Officials do not believe any of the phony bills were circulated, Schenning said.

Schenning said the affidavit supporting the search warrant has been sealed to protect witnesses. He would not comment on how Petry became a suspect or on how long he had been under investigation.

Schenning said he does not know what kinds of explosives or firearms the agents had been searching for. He would not characterize how extensive authorities believed the counterfeiting operation was.

"Counterfeiting is a serious offense," he said. "The other charges are serious as well."

If convicted, Petry faces fines of up to $250,000 on each of the three charges, Schenning said. The counterfeiting charge carries a maximum sentence of 15 years in prison and each of the other two charges carries sentences of up to 10 years in prison.

Authorities would not give Petry's address.

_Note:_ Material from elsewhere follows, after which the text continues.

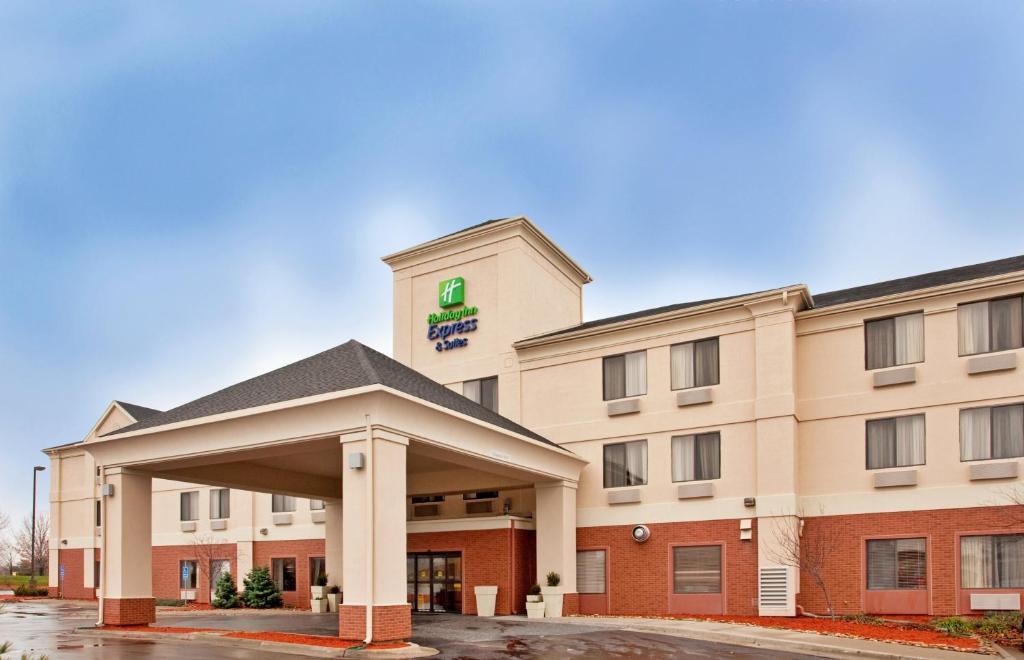 Kansas City Hotel | Holiday Inn Express Kansas City Liberty Missouri by IHG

A neighbor contacted Wednesday evening said she came home after noon to discover police cars close to her home at 3513 National Pike. Aura McCusker expressed shock that Petry was accused of crimes.

"He's always been very well-mannered, very polite, very nice," she said. "I can't say anything bad about the man."

McCusker said Petry moved into his house between five and 10 years ago. Although she did not know him well, she said he was a good neighbor and sometimes plowed snow on her street.

McCusker said Petry also plowed snow for businesses in Hancock.

"If I needed a favor, he would probably do it," she said. "This just blew my mind today."